Coluna Cadu Doné

Confesso que perdi

Este é o título das memórias do mestre Juca Kfouri

Por Cadu Doné
Publicado em 26 de novembro de 2021 | 03:00
 
 

"Confesso que perdi” é o título das memórias do mestre Juca Kfouri – que faz sagaz referência ao “Confesso que vivi”, de Pablo Neruda, e ao antropólogo Darcy Ribeiro (“fracassei em tudo o que tentei na vida”).
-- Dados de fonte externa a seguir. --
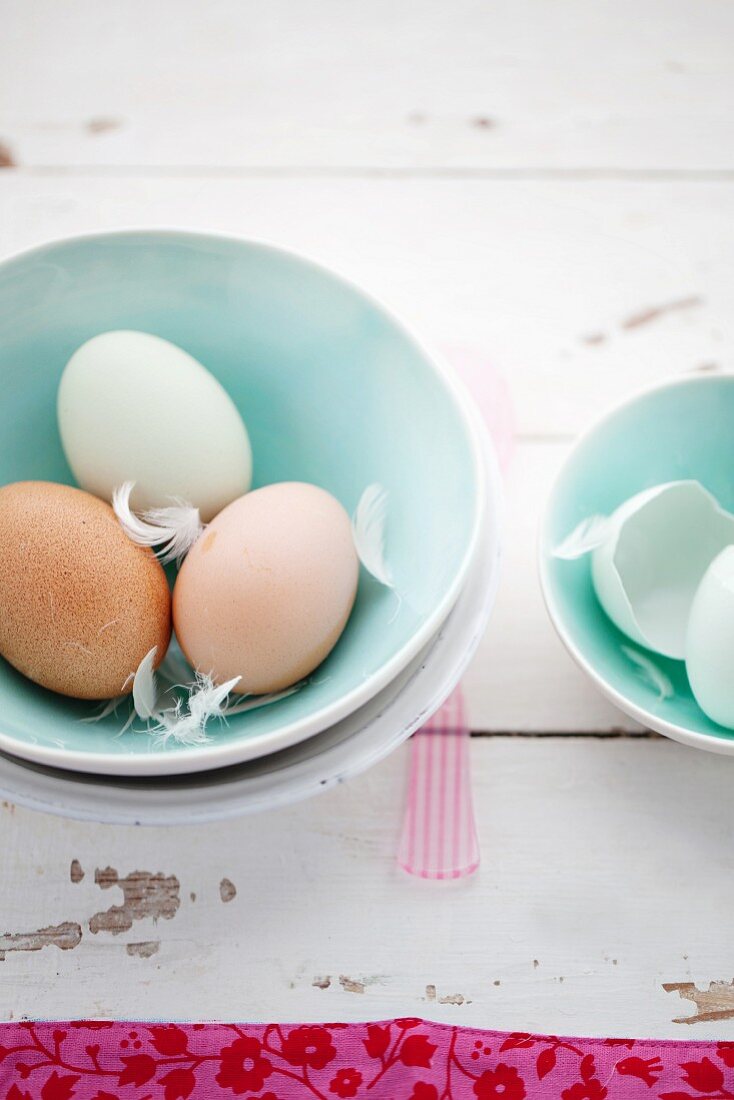 Fresh eggs with feathers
Juca, num humor autodepreciativo digno dos gênios, alega que perdeu porque, em sua trajetória marcada pelas lutas, pela coragem, pelas nobres brigas contra CBF, FIFA, cartolas indecorosos, políticos inescrupulosos, não conseguiu dirimir significativamente as mazelas do esporte, do mundo. Juca: você fez muito. Sem você o futebol brasileiro seria ainda pior. O quase sempre desprezível – e desprezado – jornalismo esportivo seguiria no fundo das redações, relegado aos mais limitados intelectualmente. Você me emociona, Juca. E se não fosse você – e aí talvez esteja um dos seus fracassos –, eu não existiria. Nisso você tem culpa, Juca.

Darcy Ribeiro

Um dos motivos pelos quais Darcy afirma que acabou derrotado, é por não ter alfabetizado a população brasileira. Ô, Darcy... Sem você... Amenizando o suposto erro de Juca: eu não existo; logo, seu “crime” não gerou desdobramentos. Eu, sim, fracassei. E cansei. Não tenho talento, energia, vocação para ser Juca. Como já falei em “Depois é nunca”, acreditava ser possível postergar o vigor, o ímpeto, a voracidade juvenil das tentativas de ser Proust, Schopenhauer, ou Stephen Malkmus – enquanto mantinha o pragmatismo para me sustentar no jornalismo – para meu tempo livre. Hoje não tenho cacoete para voltar às fartas ambições que carregava.

Fracassaria

Fracassaria nas investidas para ser gênio. Mas ter tentado, e fracassado, seria melhor do que ter postergado e sequer ter levado o “não” – merecido – do mundo. Hoje fracasso enquanto jornalista esportivo, intelectual que não existe, e “idealista”, corajoso abandonado pelo universo, esquecido e incompreendido pelos amigos (?), sem respaldo por ter preocupado demais com princípios, sem a riqueza de outrora quando jogava bem – talvez meu único talento, mas também perdido – o jogo do animal gregário.

Esquema perfeito

O Galo tem tomado pouquíssimos gols. O esquema perfeito normalmente posiciona tão meticulosamente no lugar certo, da forma correta, o próprio time, o alinhamento entre todas as peças possíveis e imagináveis revela-se tão bem ensaiado e executado, que parece que se combinou tudo com o próprio concorrente. O Galo exala retaguarda irretocável. A hipérbole mencionada não vale para ele. Nem para Renato Gaúcho, vítima de ilação irresponsável. Mas na vida, a descrita perfeição acontece.

“Anímico”

Quem não tem fôlego nem crueldade e/ou frieza para jogar e/ou ignorar... Perde. Mas não quero parecer relacionar minha derrota com qualquer qualidade. Sei lá se tenho alguma. Simplesmente perdi. Para a vida, para as circunstâncias... Sigo sem o fôlego para batalhar como Juca; me arrependo por não ter cuidado das minhas produções – ruins –, mas ainda assim... Às vezes admiramos no próximo a coragem para fazer o que gostaríamos, e para o que afinamos. É o meu caso.

Shame

6/1. Tradução: eu me odeio e me amo. Não procuro nem mulher nem homem. Mas eu não me amo. Stone Roses: eu amo apenas eu. Meu caso?